Viola concertos

January 22, 2018, 11:20 AM · What is the order that you follow or followed to learning them?
I´m currently working on the third movement of the J.C. Bach and I don´t really know if I should continue with the hoffmeister in d or the handel in b; what do you think?

Replies (11)

January 22, 2018, 11:23 AM · All I can tell you is that the first viola concerto I ever played was there Zelter.
January 22, 2018, 11:24 AM · you should play the Bruch viola romance. It's a great piece
January 22, 2018, 1:59 PM · What other repertoire are you working on? Depending on your own abilities, concertos at approximately the same level of difficulty can be learned in any order.
January 24, 2018, 1:05 PM · The Handel/Cassadeus would be a very minor step up in difficulty from the J.C. Bach. The Hoffmeister or Stamitz would be a bigger step up in technical level, but still probably doable. The Bruch Romance that Anthony mentioned is probably in between Handel and Hoffmeister from a purely technical perspective. If you have a teacher, I would go with whatever he/she recommends.
I personally did J.C. Bach 1st mvmt, Hoffmeister 1st mvmt.,the Vaughan William Suite Group 1 and then the entire Stamitz Concerto. As a teacher I would say it depends on how well a student is playing the piece as to what to progress to. If my student were playing the J.C. Bach at a high level, I would probably move on to Stamitz/Hoffmeister. If they were struggling a bit, I might have them learn the Handel to solidify the skills covered in the J.C. Bach before moving on.
January 24, 2018, 6:29 PM · Thank you very much. I was talking with my teacher and he said I should be learning the Hoffmeister, then the rolla in E flat or the stamitz in D. I don’t find hoffmeister a very difficult piece but definitely more than the J. C bach.
January 24, 2018, 7:08 PM · Learned at a students' recital I attended that there are TWO Stamitzes in D, of similar difficulty (The one I heard was not the one I had studied in my schooldays and performed the rondo of with our school junior orchestra. The one I had studied had quite a beautiful slow movement and a catchy rondo theme).
January 25, 2018, 9:47 AM · Andrew Victor, I am studying the Zelter concerto right now! How did you like it? Did you play the long-ish cadenza for the 1st mvt?
January 25, 2018, 10:17 AM · Karen, I like it. Isn't it fun? And, yeah, I played it all including the cadenzas.
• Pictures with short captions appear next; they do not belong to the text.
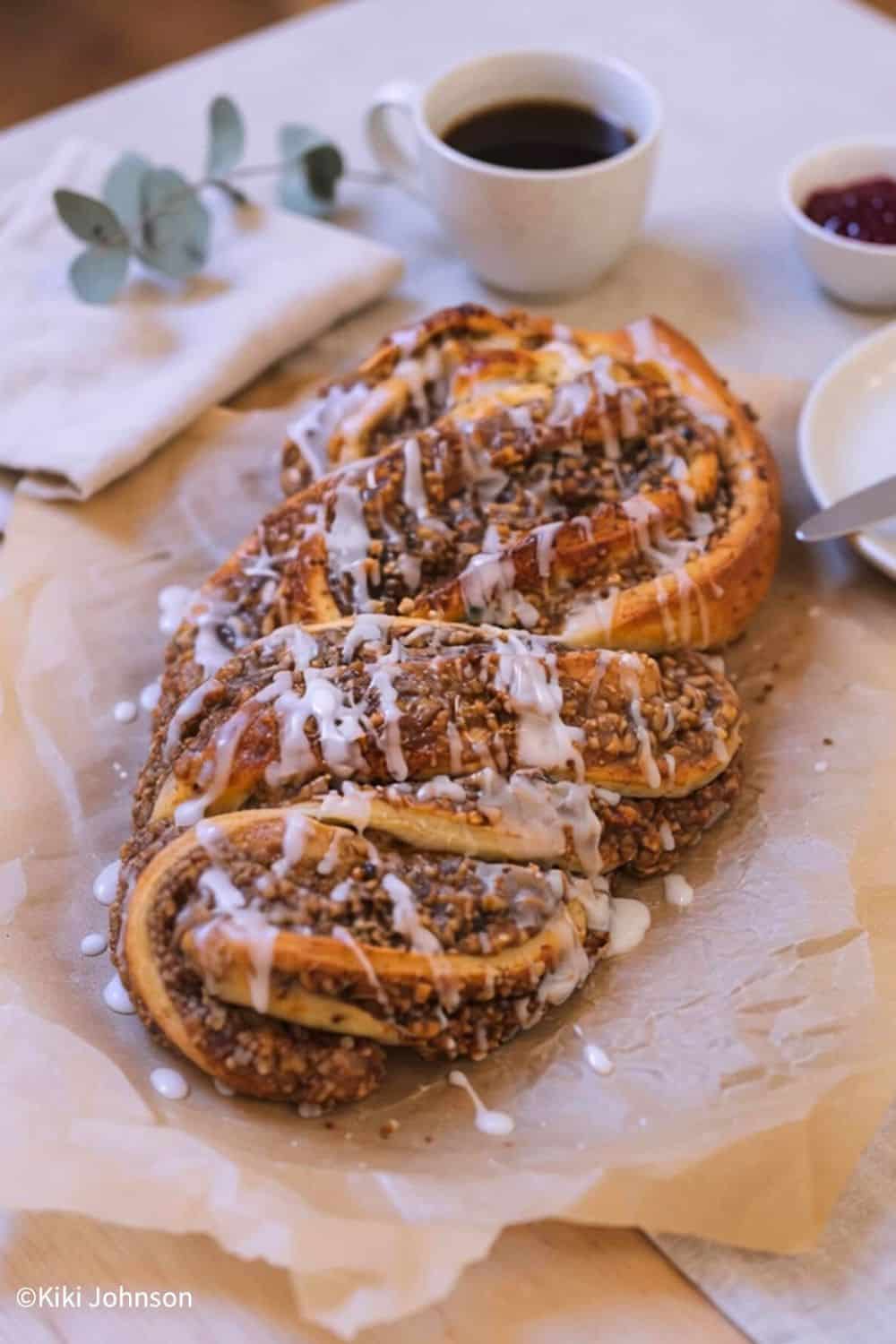 Omas saftiger Nusszopf mit Nussfüllung auf einem Stück Backpapier mit Zuckerguss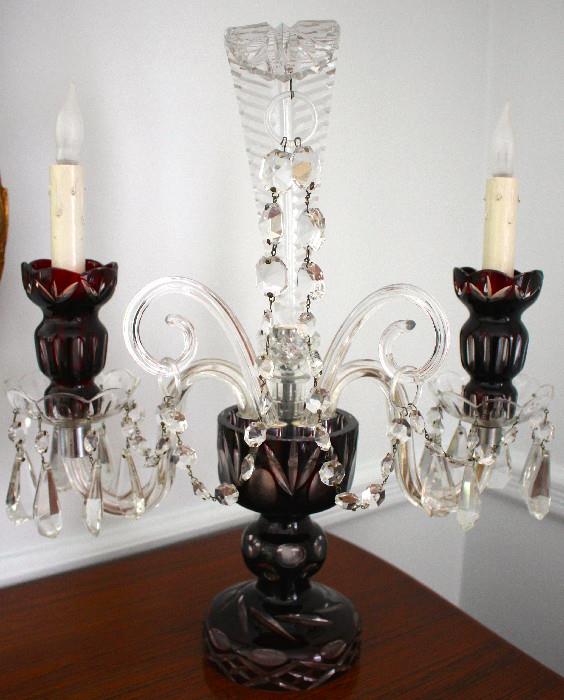 pair of lighted electric ruby cut-to-clear candelabras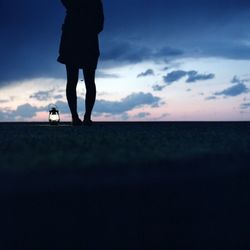 Silhouette of people standing against cloudy sky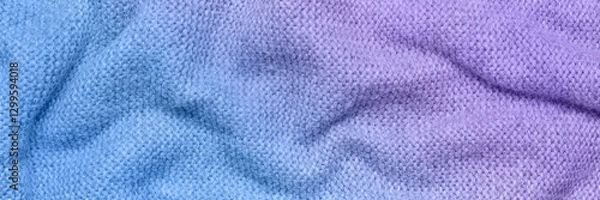 Fototapeta A soft and textured gradient blue and purple knitted fabric with gentle waves and folds, creating a cozy and warm appearance. Ideal for textile backgrounds, fashion, or home decor themes.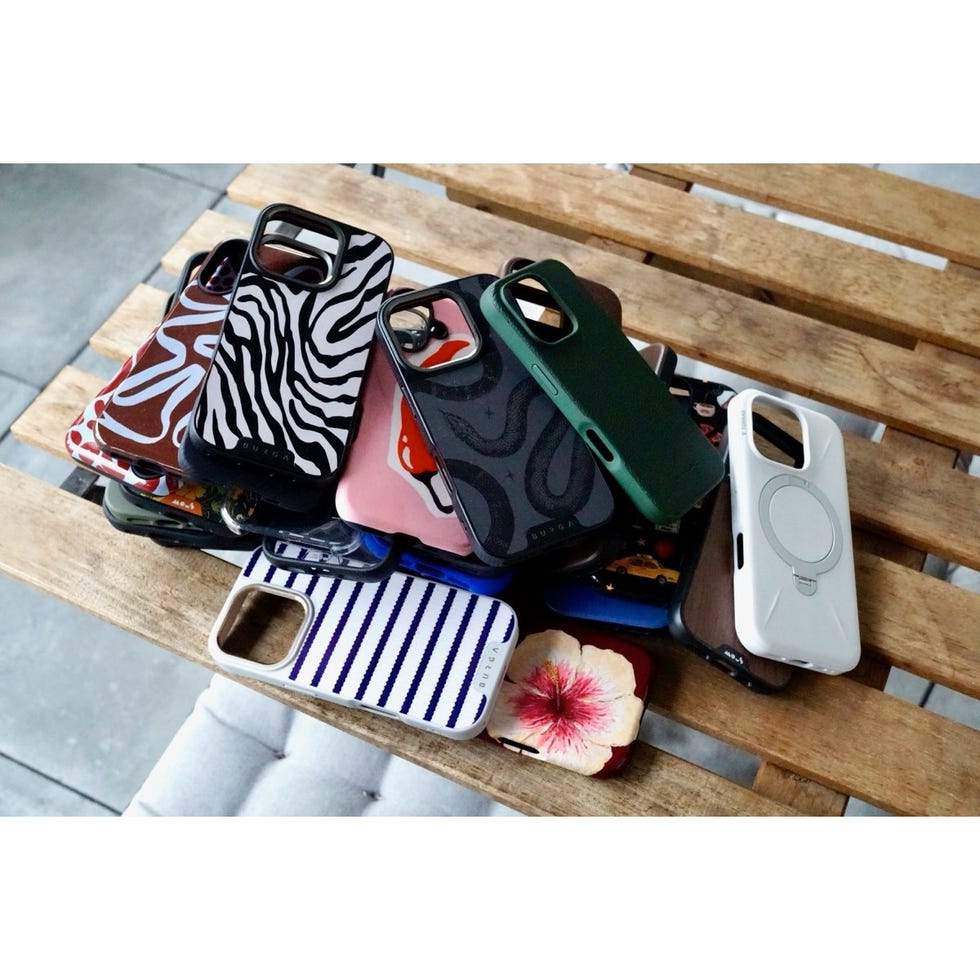 variety of iphone 16 cases arranged on a wooden surface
I'm not really working on it; it is sort of a warm-up piece for me. I regularly play viola in a chamber orchestra - mostly classical music of mid 19th century and earlier, so the viola parts are mostly straight forward and uninteresting and don't need practice - so I try to keep in shape playing other things and this is a main one.

I was also playing monthly viola sonatas with a pianist and those were good too - but she went to Japan in November and I haven't heard from her since.
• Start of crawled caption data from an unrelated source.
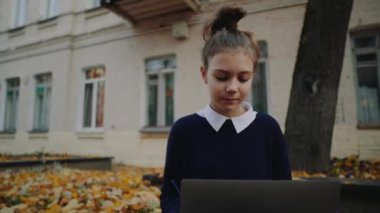 Sonbahar şehir sokak ve çalışma dizüstü bilgisayar kaldırımda oturan genç kız güzel hipster kapatın. Açık Not defteri kullanarak kız öğrenci. Güzel sonbahar hava.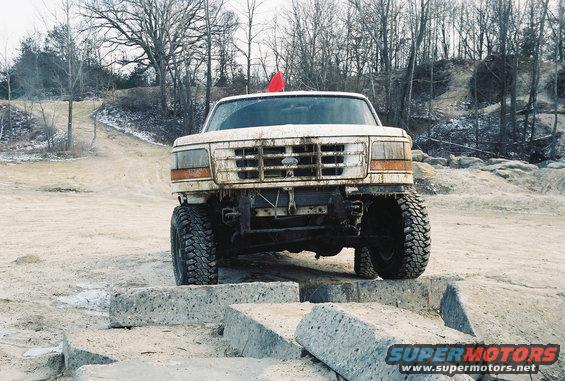 White 1995 Ford Bronco front view on concrete blocks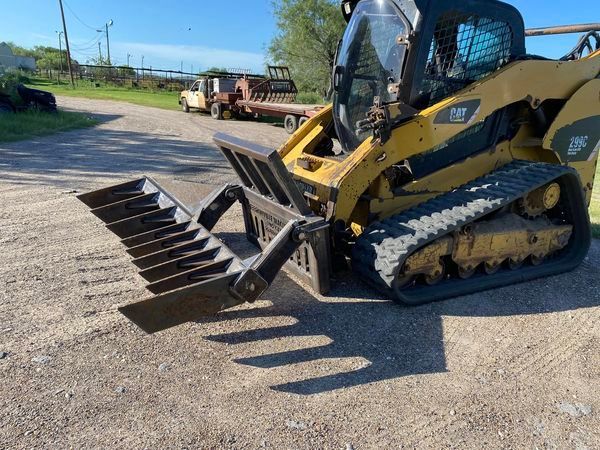 Yellow skid steer with bucket attachment on gravel lot, with trucks and equipment in the background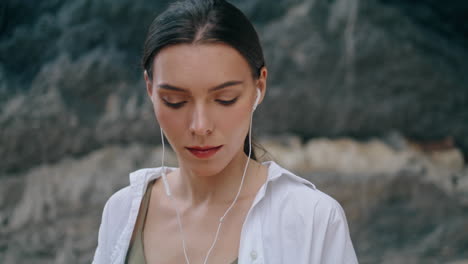 Calm-woman-wearing-headphones-in-front-sandy-hill-closeup.-Woman-listening-music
January 25, 2018, 2:51 PM · Here's how my teachers did it in order of increasing difficulty;

G.P. Telemann and/or Vivaldi A Minor Transcription

Handel/Casesesus and/or JC Bach

Hindemith Trauermusik

Stamitz and/or Hoffmeister

Bruch Romanze

Forsyth or Vaughan Williams ( maybe )

Bartok and/or Walton and/or Hindemith Der Schwanendreher

Weber Andante and Hungarian Rondo

Bowen and/or Paganini Sonata Per La Gran Viola and/or Penderecki and/or Schnitke

Anything else you want to learn that perhaps no one has heard of

January 27, 2018, 5:43 AM · I would start with Telemann. The transcription for viola of Bruch's Kol Nidre is a good place to go after Telemann. Sometime in the last couple of months someone gave a link to a viola repertoire list by levels of difficulty. If you search for and find that, it will tell you all you want to know.
January 29, 2018, 6:27 PM · There's also Harold, and Tertis's arrangement of the Elgar 'Cello Concerto (but viola performances were blown out of the water once the late Jacqueline got going).